Cell phone and wireless laptop internet use have each grown more prevalent over the last year. Nearly half of all adults (47%) go online with a laptop using a Wi-Fi connection or mobile broadband card (up from the 39% who did so as of April 2009) while 40% of adults use the internet, email or instant messaging on a mobile phone (up from the 32% of Americans who did this in 2009). This means that 59% of adults now access the internet wirelessly using a laptop or cell phone—that is, they answered “yes” to at least one of these wireless access pathways. That adds up to an increase from the 51% who used a laptop or cell phone wirelessly in April 2009.
The use of non-voice data applications on cell phones has grown dramatically over the last year.
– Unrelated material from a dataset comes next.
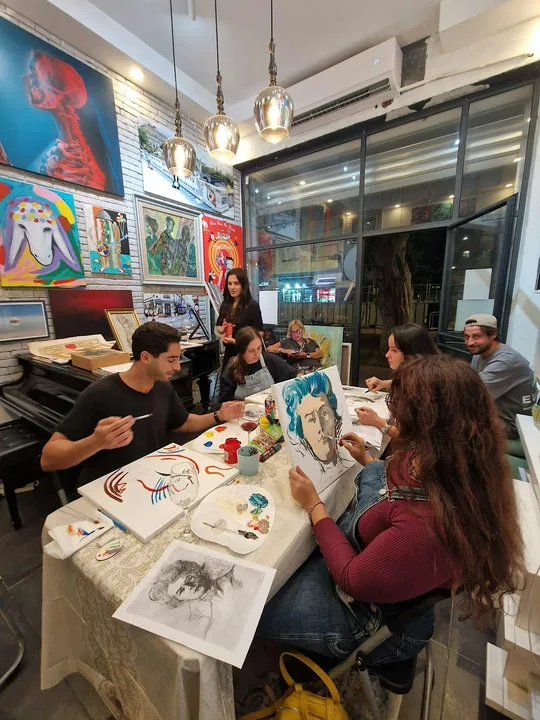 Paint and sip in a nice gallery of art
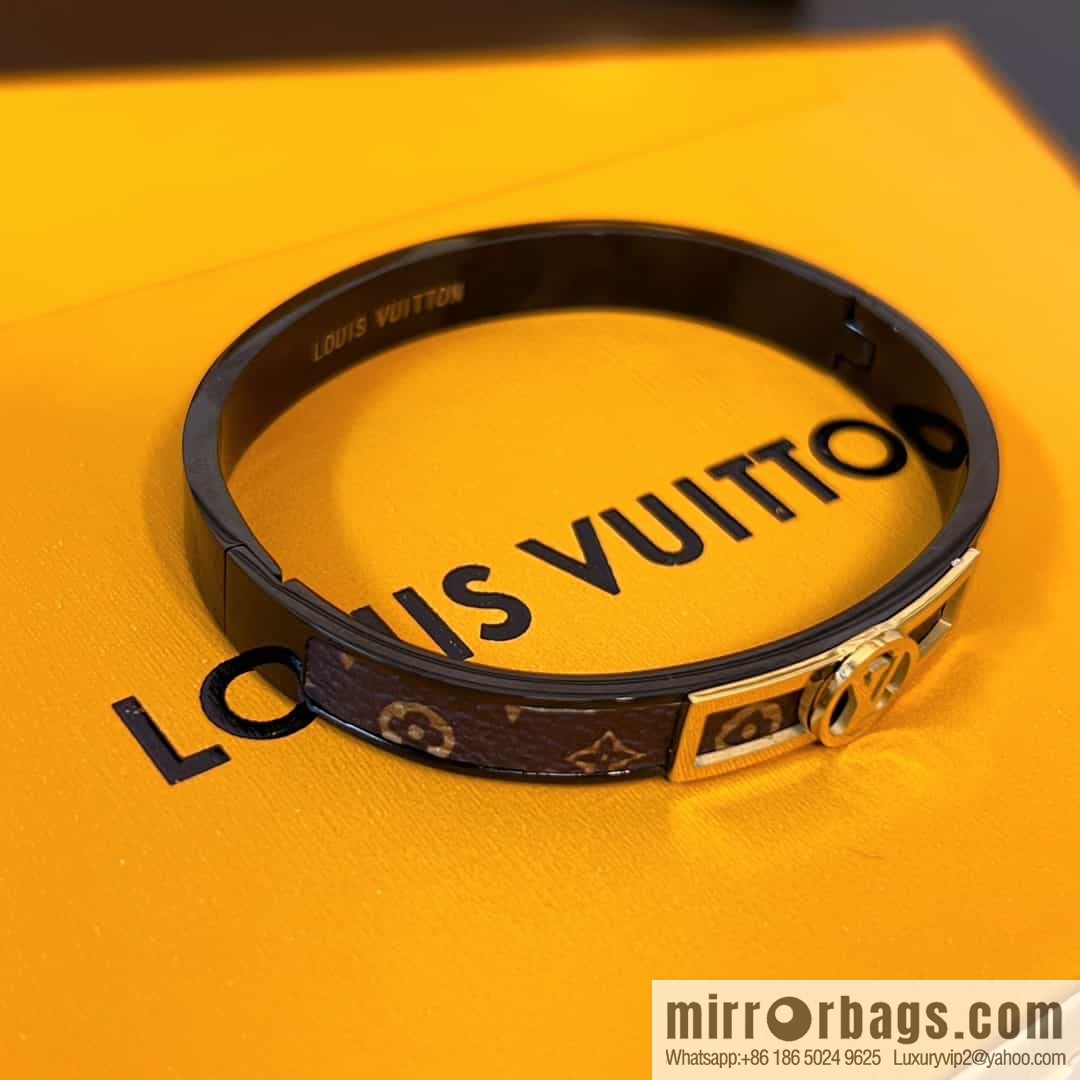 Louis Vuitton medieval presbyopia bracelet bracelet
Compared with a similar point in 2009, cell phone owners are now more likely to use their mobile phones to:
- Take pictures—76% now do this, up from 66% in April 2009
- Send or receive text messages—72% vs. 65%
- Access the internet—38% vs. 25%
- Play games—34% vs. 27%
- Send or receive email—34% vs. 25%
- Record a video—34% vs. 19%
- Play music—33% vs. 21%
- Send or receive instant messages—30% vs. 20%
Young adults (those ages 18-29) are also avid users of mobile data applications, but older adults are gaining fast. Compared with 2009, cell phone owners ages 30-49 are significantly more likely to use their mobile device to send text messages, access the internet, take pictures, record videos, use email or instant messaging, and play music.
About the Survey
This report is based on the findings of a daily tracking survey on Americans’ use of the Internet. The results in this report are based on data from telephone interviews conducted by Princeton Survey Research Associates International between April 29 and May 30, 2010, among a sample of 2,252 adults, age 18 and older. Interviews were conducted in English. For results based on the total sample, one can say with 95% confidence that the error attributable to sampling and other random effects is plus or minus 2.4 percentage points. For results based Internet users (n=1,756), the margin of sampling error is plus or minus 2.7 percentage points. In addition to sampling error, question wording and practical difficulties in conducting telephone surveys may introduce some error or bias into the findings of opinion polls.